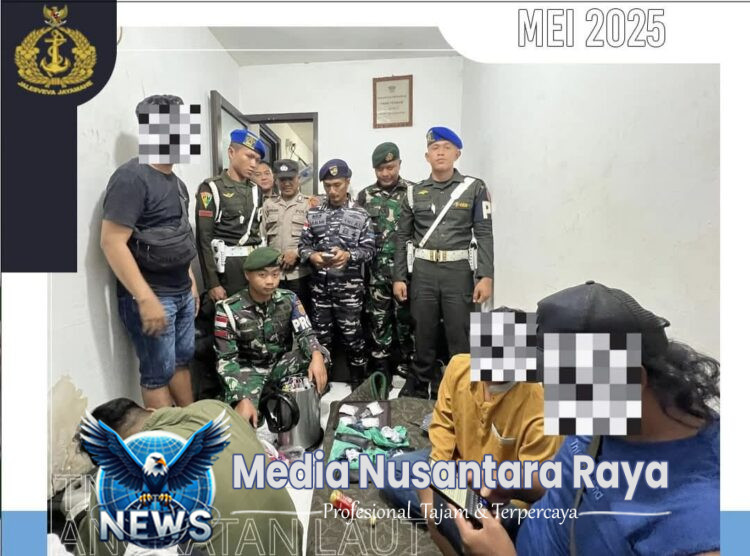 TNI AL Bersama Satgas TNI/Polri Berhasil Amankan Terduga Kurir dan Narkotika Jenis Sabu Sebanyak 200 Gram di Nunukan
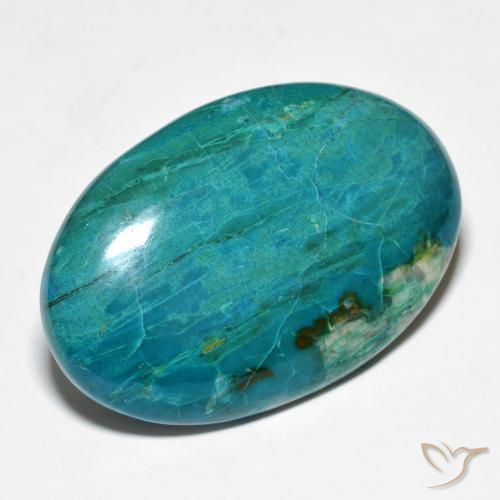Chrysocolle Bleu vert moyen naturelle ovale, 36.15 ct, Opaque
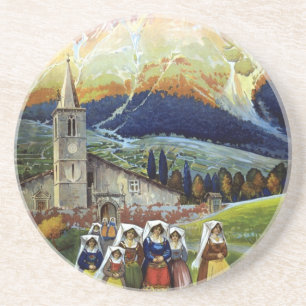 Abruzzo Italy Vintage Travel Poster Art with Women Coaster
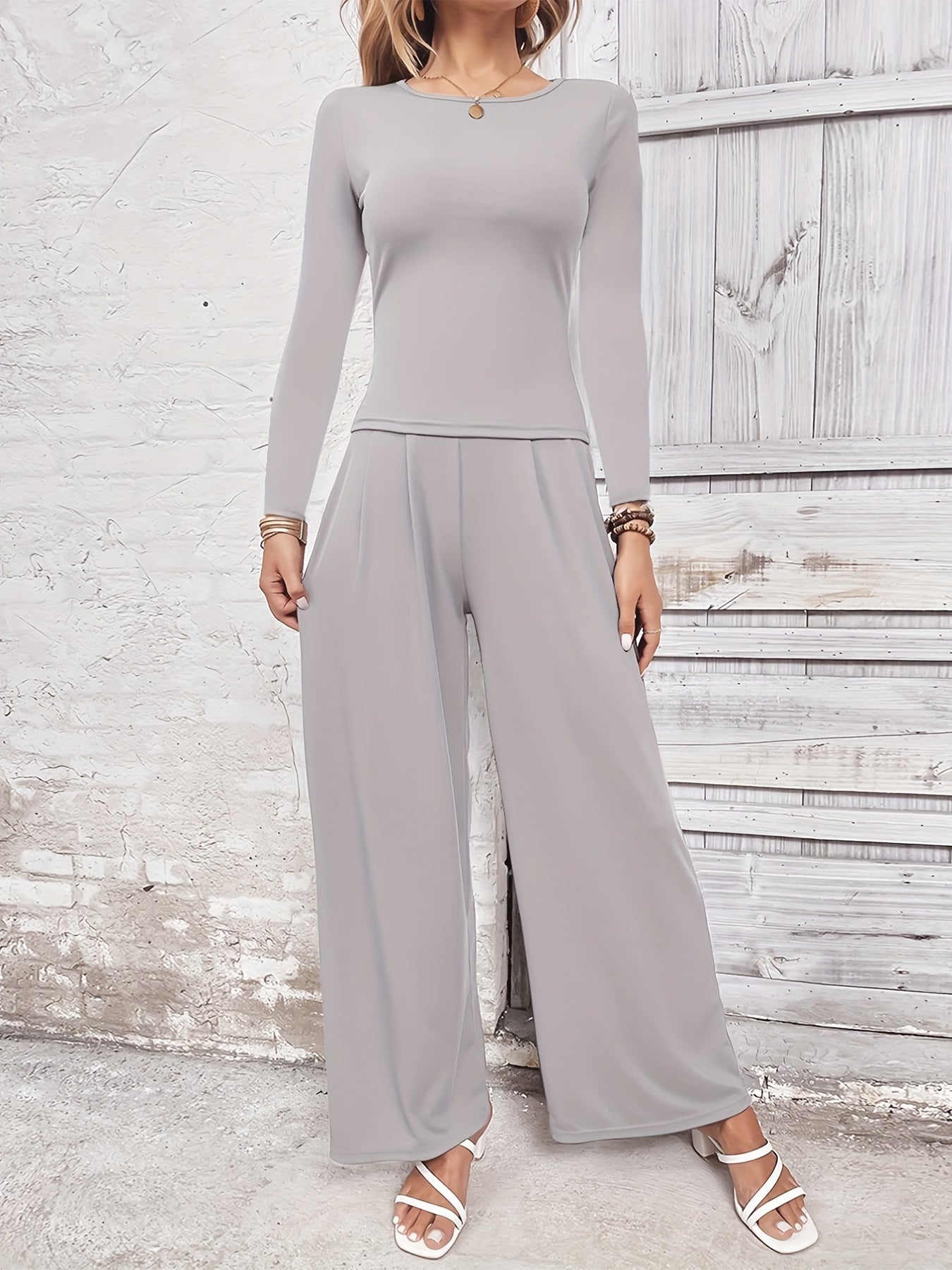 Solid Two piece Set Slim Long Sleeve Crew Neck T shirt & Wide Leg Pants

**How to complete this task**
Produce a verbatim transcription of every line in the listing, images omitted.

**Reply**
 TNI AL Bersama Satgas TNI/Polri Berhasil Amankan Terduga Kurir dan Narkotika Jenis Sabu Sebanyak 200 Gram di Nunukan
Chrysocolle Bleu vert moyen naturelle ovale, 36.15 ct, Opaque
 Abruzzo Italy Vintage Travel Poster Art with Women Coaster
 Solid Two piece Set Slim Long Sleeve Crew Neck T shirt & Wide Leg Pants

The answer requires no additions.